• **Prompt**
Everything in the listing below should be repeated exactly, apart from the pictures.

• **Source data**
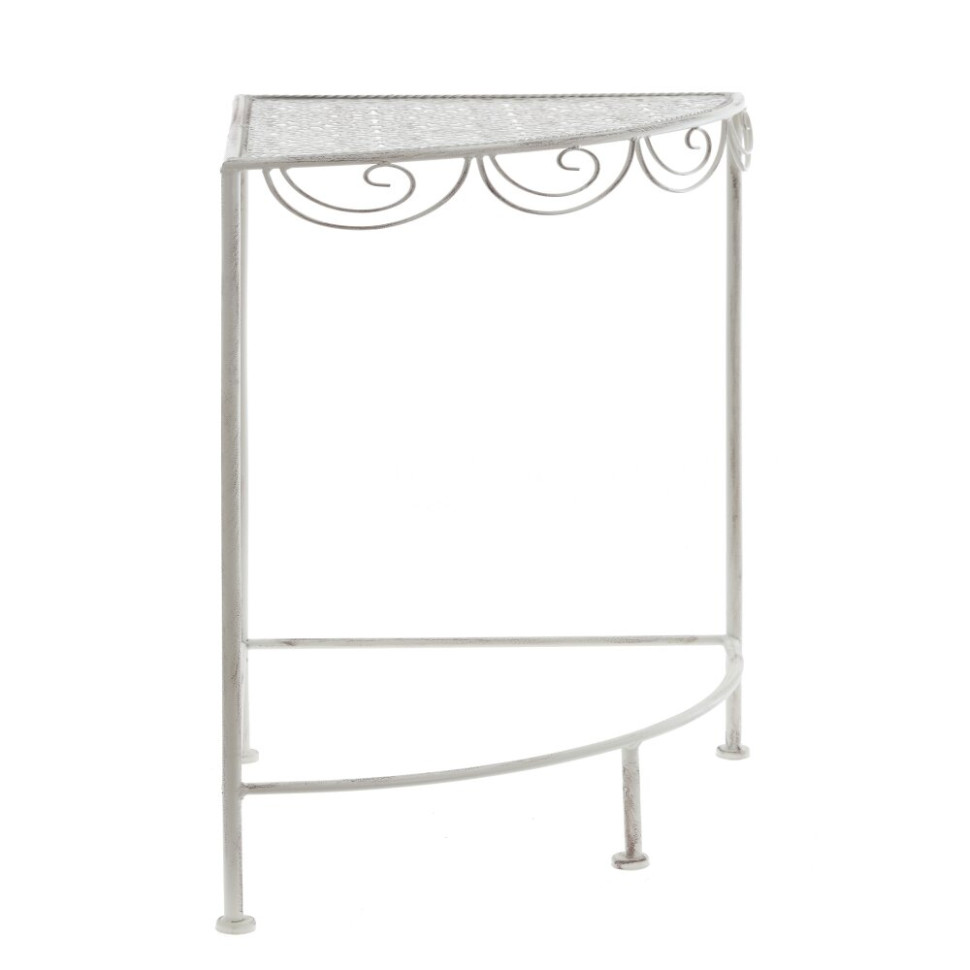 Подставка для цветов, L32 W32 H70 см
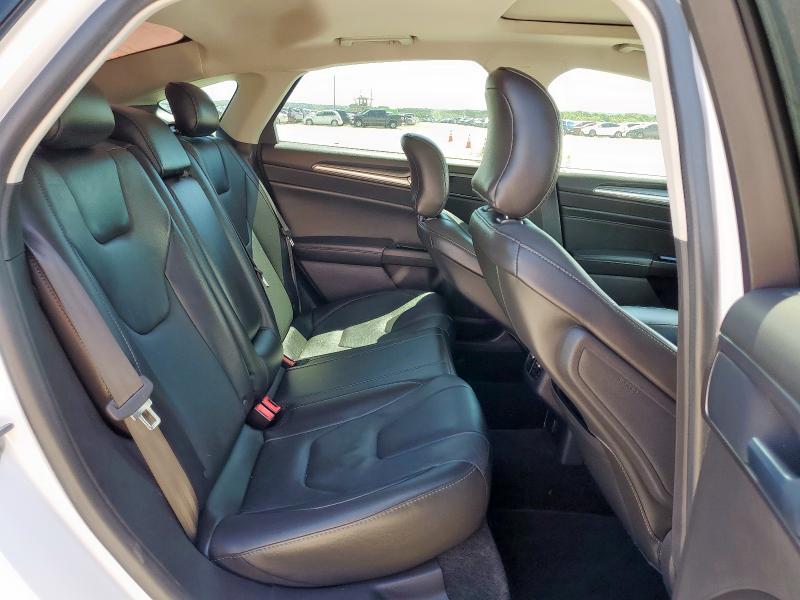 2016 FORD FUSION TIT - 3FA6P0K90GR292363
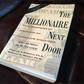 The Millionaire Next Door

• **Task response**
 Подставка для цветов, L32 W32 H70 см
 2016 FORD FUSION TIT - 3FA6P0K90GR292363
 The Millionaire Next Door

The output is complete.